> _Problem to solve_:
In the data below, find the line containing "new 2025 Subaru"; reproduce that line and all subsequent lines exactly, and nothing else.

> _Data shown_:
■ ■ ■ ■ ■
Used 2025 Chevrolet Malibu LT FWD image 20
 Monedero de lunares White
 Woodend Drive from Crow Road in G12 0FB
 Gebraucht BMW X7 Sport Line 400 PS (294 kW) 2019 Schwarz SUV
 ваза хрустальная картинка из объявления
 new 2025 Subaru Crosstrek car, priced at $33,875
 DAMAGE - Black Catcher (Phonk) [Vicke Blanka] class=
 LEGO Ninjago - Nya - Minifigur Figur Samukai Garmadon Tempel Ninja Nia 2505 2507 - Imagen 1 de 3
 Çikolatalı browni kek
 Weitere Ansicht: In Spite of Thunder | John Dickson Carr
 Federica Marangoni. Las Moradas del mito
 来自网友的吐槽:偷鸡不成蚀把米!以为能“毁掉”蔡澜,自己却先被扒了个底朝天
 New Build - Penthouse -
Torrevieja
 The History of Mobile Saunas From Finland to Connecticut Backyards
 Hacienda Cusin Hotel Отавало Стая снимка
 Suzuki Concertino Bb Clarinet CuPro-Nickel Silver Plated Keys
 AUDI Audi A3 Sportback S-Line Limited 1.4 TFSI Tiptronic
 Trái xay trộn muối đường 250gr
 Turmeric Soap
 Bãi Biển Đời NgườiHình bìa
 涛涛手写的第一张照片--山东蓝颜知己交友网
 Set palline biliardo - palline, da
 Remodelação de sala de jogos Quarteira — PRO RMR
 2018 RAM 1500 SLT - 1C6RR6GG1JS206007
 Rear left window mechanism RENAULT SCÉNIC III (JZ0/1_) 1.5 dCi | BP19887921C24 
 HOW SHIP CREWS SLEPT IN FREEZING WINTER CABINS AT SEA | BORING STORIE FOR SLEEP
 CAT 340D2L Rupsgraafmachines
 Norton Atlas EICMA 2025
■ ■ ■ ■ ■
> _Exercise solution_:
 new 2025 Subaru Crosstrek car, priced at $33,875
 DAMAGE - Black Catcher (Phonk) [Vicke Blanka] class=
 LEGO Ninjago - Nya - Minifigur Figur Samukai Garmadon Tempel Ninja Nia 2505 2507 - Imagen 1 de 3
 Çikolatalı browni kek
 Weitere Ansicht: In Spite of Thunder | John Dickson Carr
 Federica Marangoni. Las Moradas del mito
 来自网友的吐槽:偷鸡不成蚀把米!以为能“毁掉”蔡澜,自己却先被扒了个底朝天
 New Build - Penthouse -
Torrevieja
 The History of Mobile Saunas From Finland to Connecticut Backyards
 Hacienda Cusin Hotel Отавало Стая снимка
 Suzuki Concertino Bb Clarinet CuPro-Nickel Silver Plated Keys
 AUDI Audi A3 Sportback S-Line Limited 1.4 TFSI Tiptronic
 Trái xay trộn muối đường 250gr
 Turmeric Soap
 Bãi Biển Đời NgườiHình bìa
 涛涛手写的第一张照片--山东蓝颜知己交友网
 Set palline biliardo - palline, da
 Remodelação de sala de jogos Quarteira — PRO RMR
 2018 RAM 1500 SLT - 1C6RR6GG1JS206007
 Rear left window mechanism RENAULT SCÉNIC III (JZ0/1_) 1.5 dCi | BP19887921C24 
 HOW SHIP CREWS SLEPT IN FREEZING WINTER CABINS AT SEA | BORING STORIE FOR SLEEP
 CAT 340D2L Rupsgraafmachines
 Norton Atlas EICMA 2025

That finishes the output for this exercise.